La del hombrecillo tenía un fajo de billetes que le quitó sin ningún miramiento. También le requisó un Zippo con la bandera de Albania, una linterna y munición para el Anaconda. Roció los cuerpos con la gasolina que estaba destinada a quemar el suyo e hizo un reguero hasta la puerta. Tenía que dejarla abierta para que las llamas se alimentaran de aire renovado. Encendió el mechero y prendió la cartera de Kapllani antes de dejarla caer en el charco de combustible. En cuanto la llama azul emprendió su camino a gran velocidad, Sancho dedicó una última mirada al hombre que le había salvado la vida.
Buscó la salida de aquel maldito lugar, enfocó con la linterna hacia su derecha y vio que unas escaleras arrancaban al final del pasillo; corrió hasta ellas e inició el ascenso. Estaba escaso de fuerzas y se le atragantaron al tercer peldaño. Quería recobrar el aliento, pero el olor a humo le hizo cambiar de opinión inmediatamente. Totalmente extenuado, alcanzó una puerta que debía de dar al exterior, una puerta sin picaporte, de esas que solo se abren desde el lado contrario al que uno se encuentra. Trató de tirarla a patadas y cargó violentamente contra ella, hasta que se dio cuenta de que tenía que buscar otra salida antes de que el dióxido de carbono le dejara inconsciente. Se tapó la nariz y la boca con la camiseta y se preparó para deshacer el camino.

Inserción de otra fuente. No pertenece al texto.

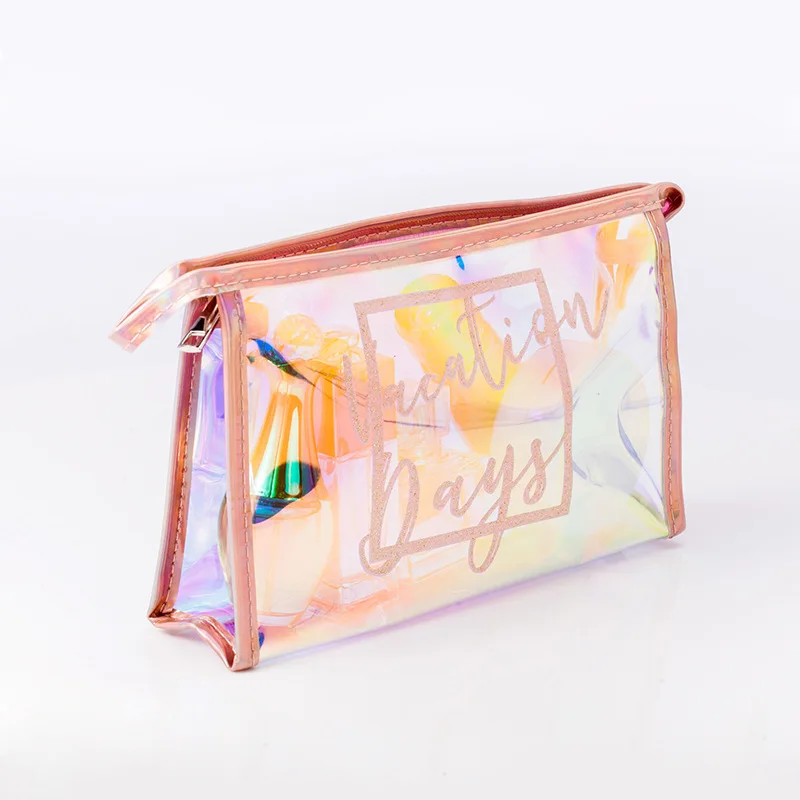 

Cosmetic Bag Letter Print PVC Functional Makeup Necessaries Toiletry Kit Pouch Organizer Best Sale-WT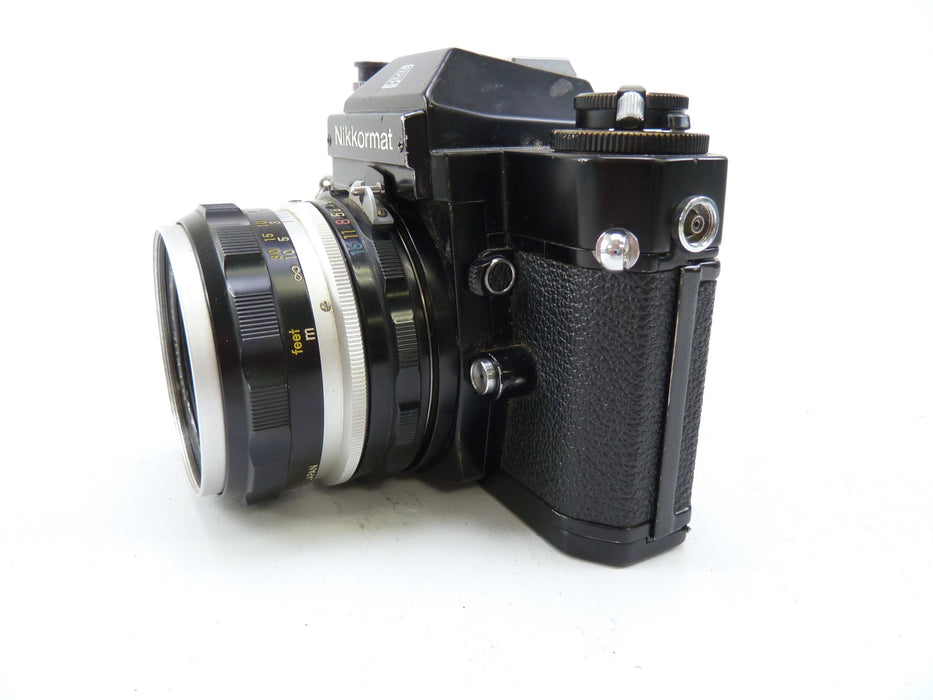 Nikon Nikkormat EL Black Body with 50MM f2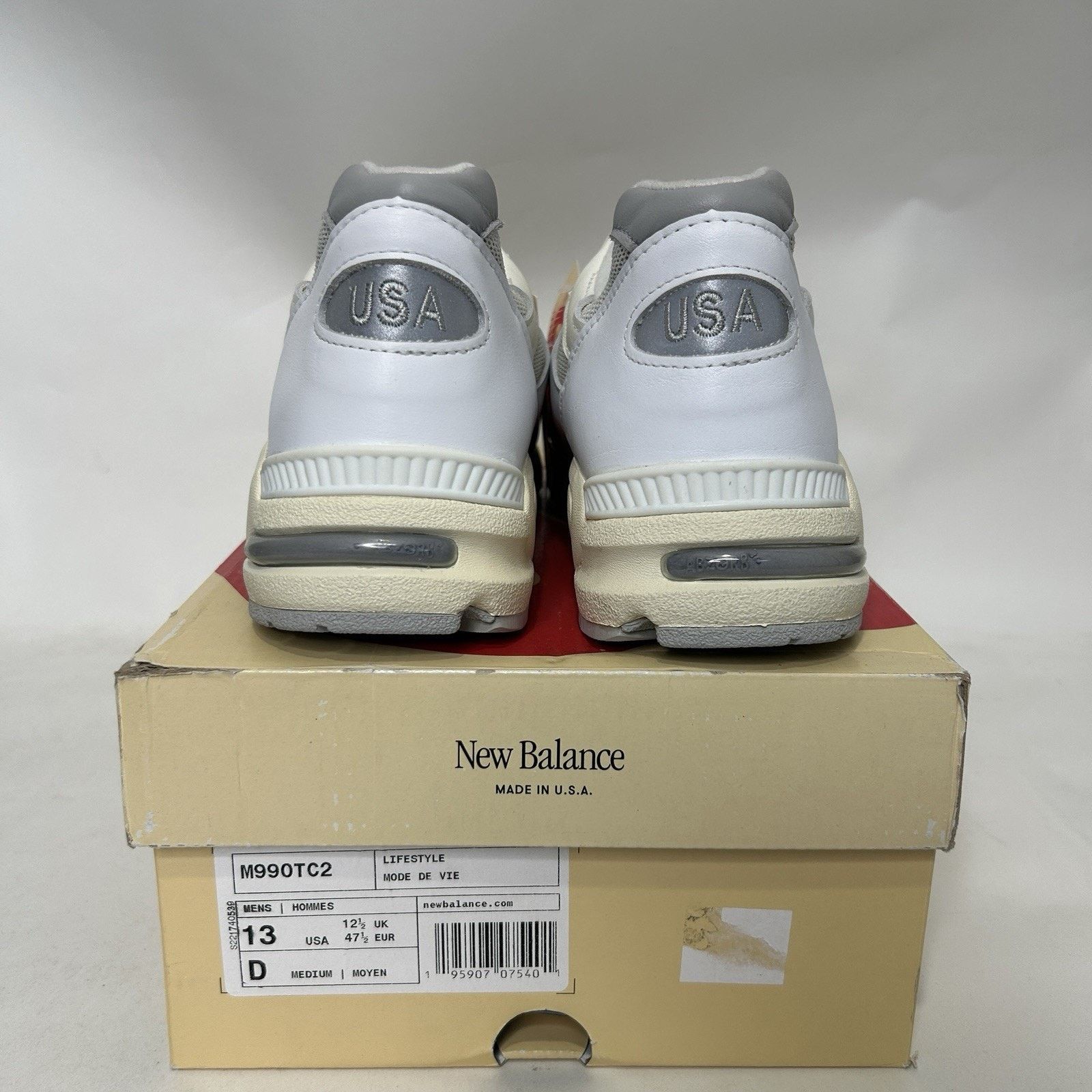 New Balance Teddy Santis x New Balance 990v2 Made in USA “Sea Salt" Size US 13 / EU 46 - 4 Thumbnail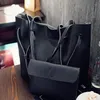 2017 modehandväskor axel tygväska tvådelar messenger väska vintage handväska mor stora väska sex färger 299l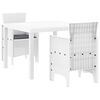 vidaXL Ensemble de salle &agrave; manger pour jardin 3 pc Blanc Polypropyl&egrave;ne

Según descendía, el humo se iba haciendo más espeso y el picor en los ojos empezó a ser más que una molestia. Corría encorvado, alumbrándose apenas los pies, buscando la mayor pureza del aire en las capas más bajas. El olor a carne quemada le revolvió el estómago cuando pasó por la puerta del cuartucho, y tuvo que protegerse la cara del intenso calor. Con el corazón asomando por la comisura de los labios y muchas injurias no pronunciadas, dobló la esquina hacia la derecha para encontrarse con otras escaleras; esta vez descendentes. Dudó, pero no encontró muchas otras alternativas más que buscar la salida hacia abajo. Tenía que escapar de allí cuanto antes, no solo por salvar el pellejo, sino también para evitar tener que dar explicaciones a la policía. Desconocía el derecho penal de Serbia, pero podía intuir que no contemplaba la incineración de los cuerpos de dos presuntos agresores como atenuante postraumático. Bajó.
Enseguida, advirtió que respiraba mejor y que veía peor; se estaban consumiendo las pilas de la linterna, como las suyas. Ya ni siquiera podía trotar, y se limitaba a caminar lo más rápidamente que podía cuando le pareció ver una claridad al final del pasillo. No le importó que fueran las puertas de san Pedro lo que hubiera delante, porque detrás dejaría su infierno particular. Casi corría. Empujó aquella puerta con rabia y la luz le cegó absorbiendo las ínfimas energías que le quedaban. Rodó por el suelo hasta quedar boca arriba, para después permanecer durante unos minutos en esa posición disfrutando de la pureza del aire mientras recuperaba el aliento.
Tardó más de lo normal en asociar el cada vez más nítido y cercano sonido de las sirenas con el incendio que él había provocado. A duras penas, consiguió levantarse para reconocer lo que podría ser una antigua zona industrial. Se encontraba rodeado de naves abandonadas y medio derruidas. Al fondo, podía distinguirse la vía del tren. Con la desesperación como estímulo principal, consiguió llegar hasta otra nave de ladrillo rojo y puerta corredera abierta. Al entrar, notó cierto olor a matadero, pero la extenuación le forzó a buscar una esquina en la que tumbarse. Protegido tras unos palés, se acurrucó y se rindió a la fatiga.